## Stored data
§
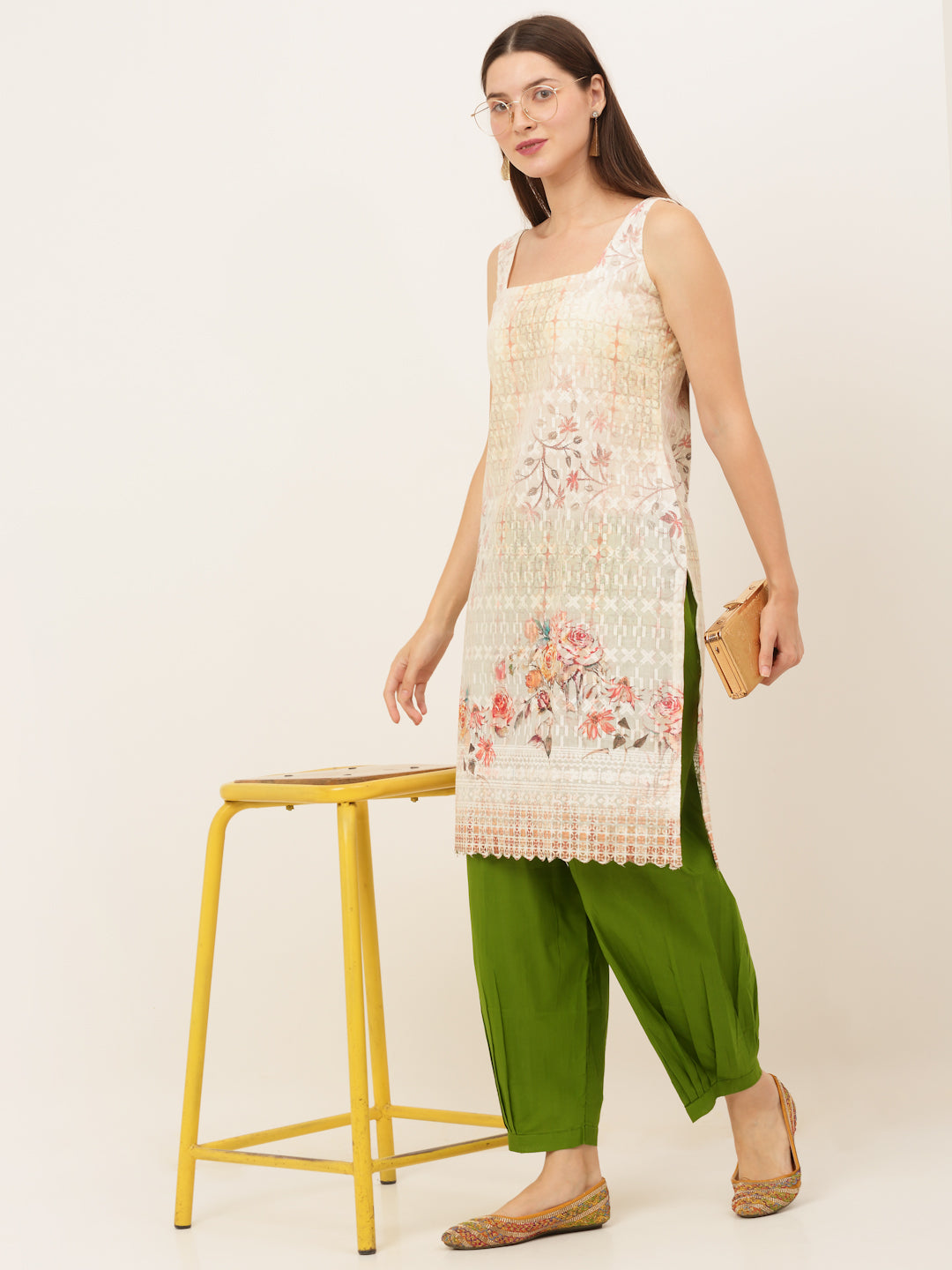 Floral Printed Cotton Straight Kurta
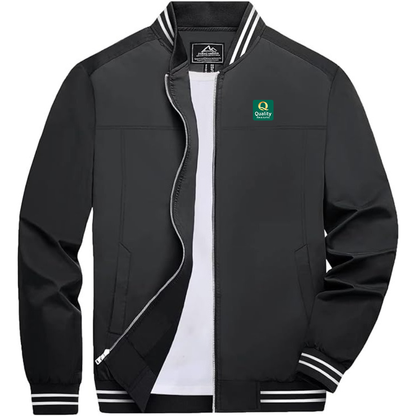 Men's Quality Inn & Suites Lightweight Zip-Up Bomber Jacket with Ribbed Collar and Cuffs Versatile Casual Outerwear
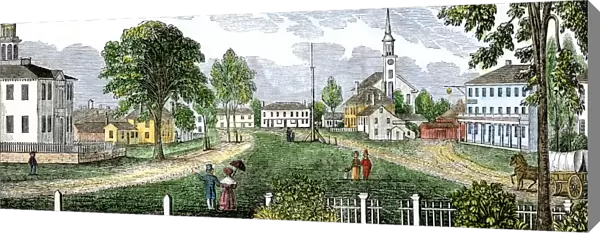 Village green in Concord, Massachusetts, 1830s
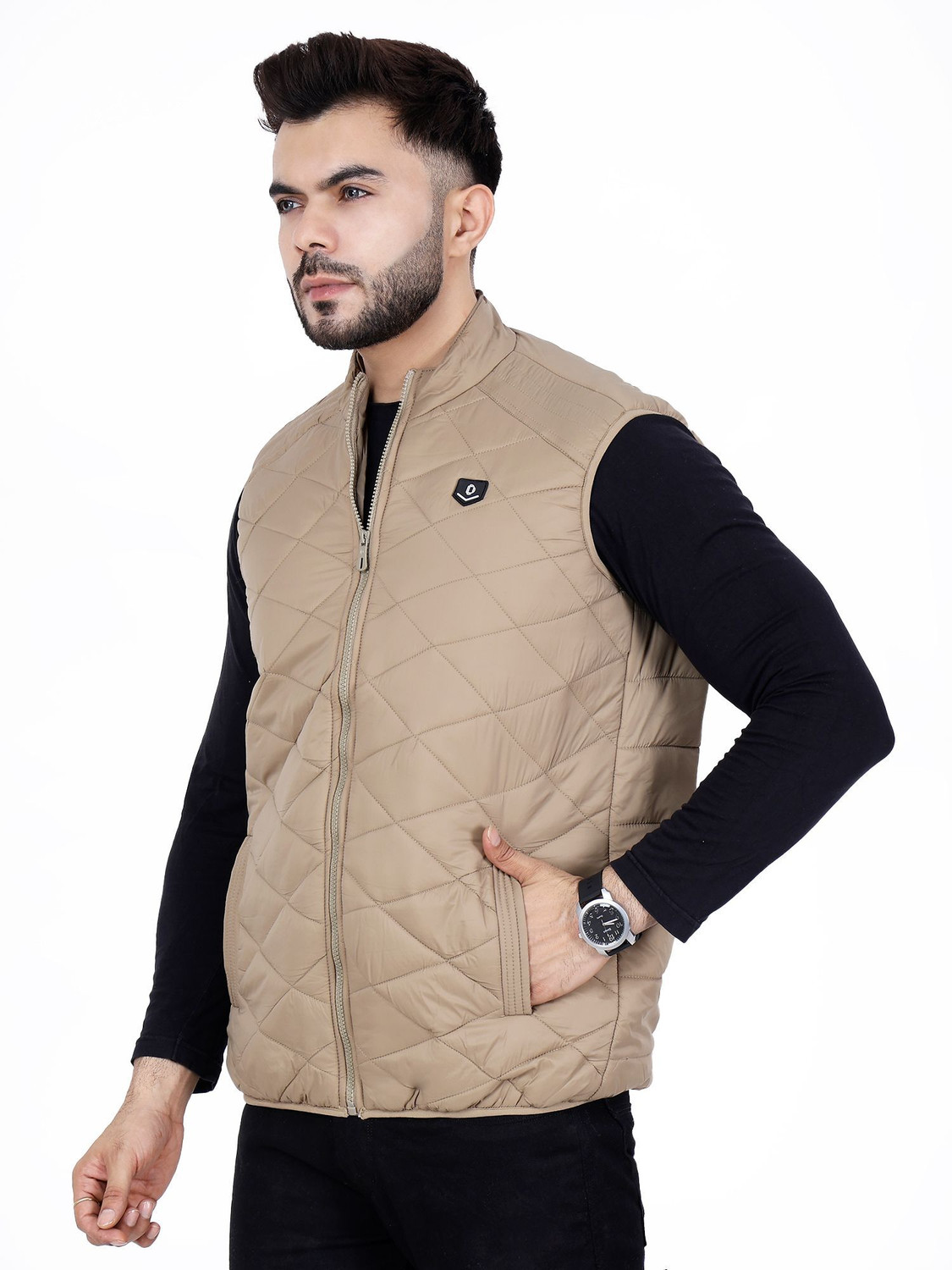 Image of Dollar Half Sleeve, Sleeveless Solid Men Jacket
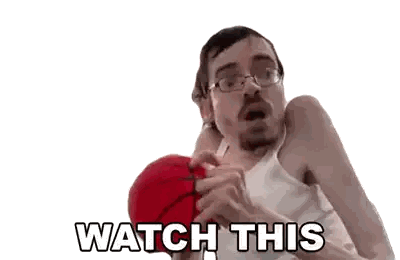 Man With Glasses Holding Basketball Says Watch This Sticker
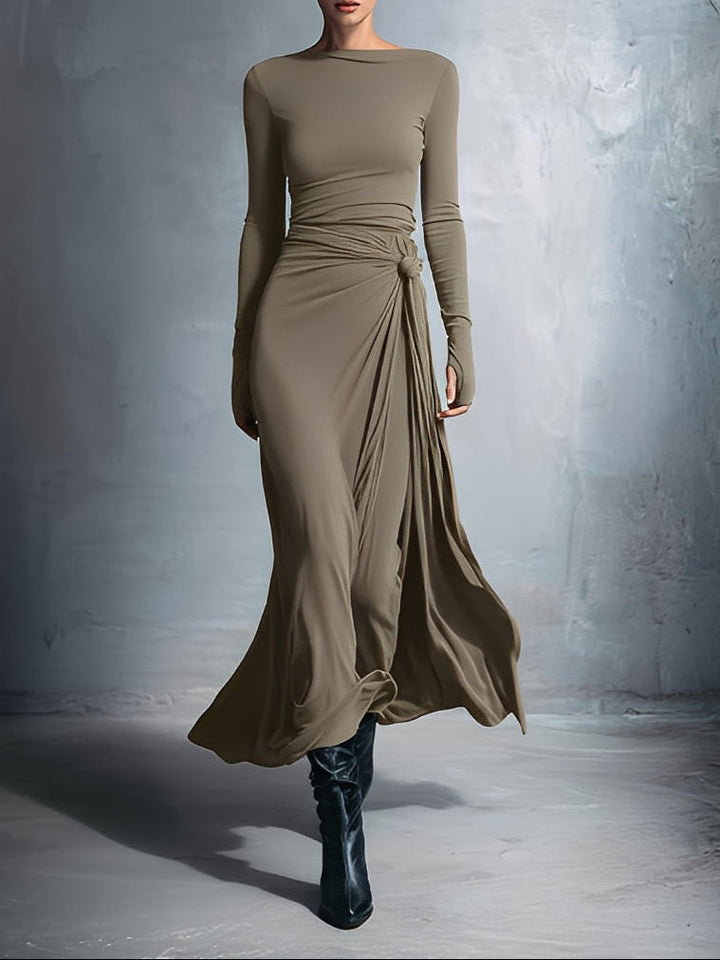 Abito Maxi con Nodo Laterale Elegante per Donna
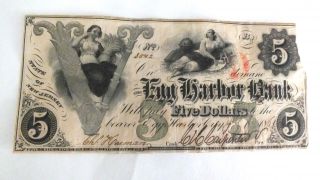 Rare 1861 $5 The Egg Harbor Bank Jersey Civil War Era Note photo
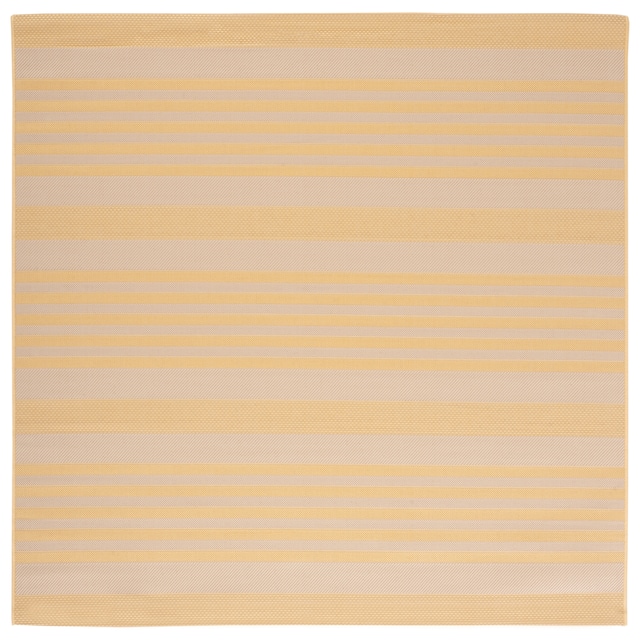 SAFAVIEH Courtyard Charmaine Indoor/ Outdoor Waterproof Area Rug - 6'7" x 6'7" Square - Gold/Beige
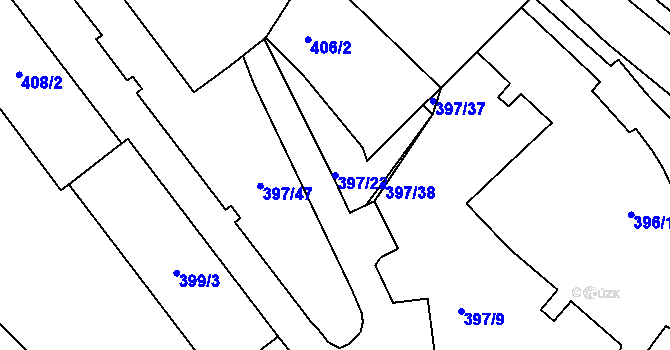 Parcela st. 397/22 v KÚ Pelhřimov, Katastrální mapa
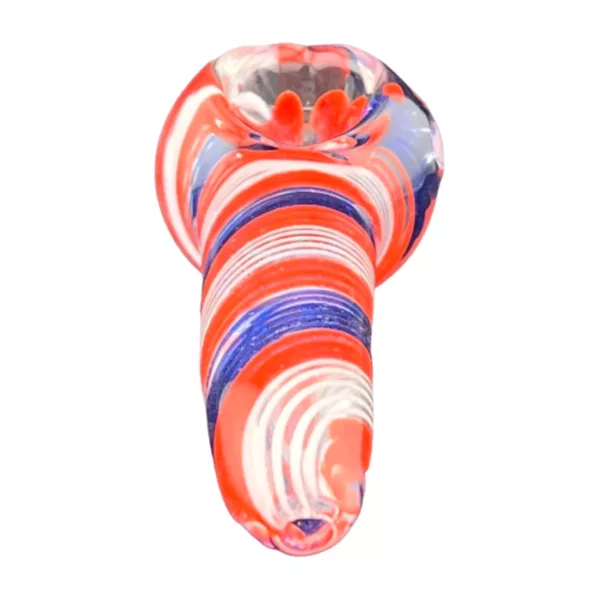 A glass hand pipe with a red, white, and blue swirl design, clear bowl and blue stem, sitting on a white background.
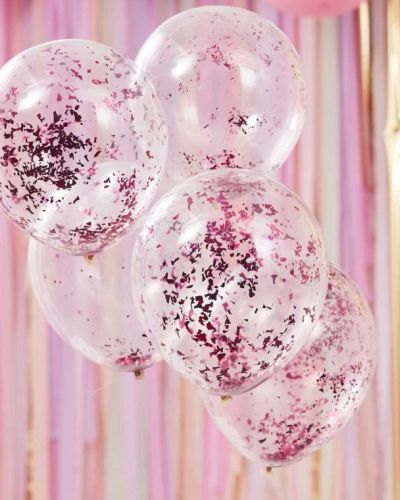 Pink Confetti Balloons 5pk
§
Set the data above down again exactly as given, with no pictures.

## REPLY
 Floral Printed Cotton Straight Kurta
 Men's Quality Inn & Suites Lightweight Zip-Up Bomber Jacket with Ribbed Collar and Cuffs Versatile Casual Outerwear
 Village green in Concord, Massachusetts, 1830s
 Image of Dollar Half Sleeve, Sleeveless Solid Men Jacket
 Man With Glasses Holding Basketball Says Watch This Sticker
 Abito Maxi con Nodo Laterale Elegante per Donna
 Rare 1861 $5 The Egg Harbor Bank Jersey Civil War Era Note photo
 SAFAVIEH Courtyard Charmaine Indoor/ Outdoor Waterproof Area Rug - 6'7" x 6'7" Square - Gold/Beige
 Parcela st. 397/22 v KÚ Pelhřimov, Katastrální mapa
 A glass hand pipe with a red, white, and blue swirl design, clear bowl and blue stem, sitting on a white background.
 Pink Confetti Balloons 5pk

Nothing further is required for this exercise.